*Activity*
The expected answer is the data below, retyped exactly.
=-=-=-=-=
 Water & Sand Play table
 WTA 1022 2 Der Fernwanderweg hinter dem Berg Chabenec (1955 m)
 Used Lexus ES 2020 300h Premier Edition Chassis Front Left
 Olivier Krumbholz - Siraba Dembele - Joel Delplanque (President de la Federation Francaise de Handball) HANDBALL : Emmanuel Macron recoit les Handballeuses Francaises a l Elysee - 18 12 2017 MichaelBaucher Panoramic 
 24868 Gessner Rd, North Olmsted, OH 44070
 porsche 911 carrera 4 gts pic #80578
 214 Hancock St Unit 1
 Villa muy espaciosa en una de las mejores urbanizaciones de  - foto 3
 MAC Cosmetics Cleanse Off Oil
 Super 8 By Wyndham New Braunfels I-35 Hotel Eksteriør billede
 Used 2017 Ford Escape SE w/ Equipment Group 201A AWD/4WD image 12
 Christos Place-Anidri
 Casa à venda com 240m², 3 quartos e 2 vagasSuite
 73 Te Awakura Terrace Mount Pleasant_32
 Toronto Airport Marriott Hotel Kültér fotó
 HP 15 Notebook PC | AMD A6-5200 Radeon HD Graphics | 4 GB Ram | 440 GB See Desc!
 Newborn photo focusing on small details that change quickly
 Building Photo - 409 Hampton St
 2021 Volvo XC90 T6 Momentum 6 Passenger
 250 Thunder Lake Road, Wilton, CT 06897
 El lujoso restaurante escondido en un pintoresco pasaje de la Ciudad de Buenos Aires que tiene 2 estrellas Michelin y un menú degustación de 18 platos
=-=-=-=-=
*Result*
 Water & Sand Play table
 WTA 1022 2 Der Fernwanderweg hinter dem Berg Chabenec (1955 m)
 Used Lexus ES 2020 300h Premier Edition Chassis Front Left
 Olivier Krumbholz - Siraba Dembele - Joel Delplanque (President de la Federation Francaise de Handball) HANDBALL : Emmanuel Macron recoit les Handballeuses Francaises a l Elysee - 18 12 2017 MichaelBaucher Panoramic 
 24868 Gessner Rd, North Olmsted, OH 44070
 porsche 911 carrera 4 gts pic #80578
 214 Hancock St Unit 1
 Villa muy espaciosa en una de las mejores urbanizaciones de  - foto 3
 MAC Cosmetics Cleanse Off Oil
 Super 8 By Wyndham New Braunfels I-35 Hotel Eksteriør billede
 Used 2017 Ford Escape SE w/ Equipment Group 201A AWD/4WD image 12
 Christos Place-Anidri
 Casa à venda com 240m², 3 quartos e 2 vagasSuite
 73 Te Awakura Terrace Mount Pleasant_32
 Toronto Airport Marriott Hotel Kültér fotó
 HP 15 Notebook PC | AMD A6-5200 Radeon HD Graphics | 4 GB Ram | 440 GB See Desc!
 Newborn photo focusing on small details that change quickly
 Building Photo - 409 Hampton St
 2021 Volvo XC90 T6 Momentum 6 Passenger
 250 Thunder Lake Road, Wilton, CT 06897
 El lujoso restaurante escondido en un pintoresco pasaje de la Ciudad de Buenos Aires que tiene 2 estrellas Michelin y un menú degustación de 18 platos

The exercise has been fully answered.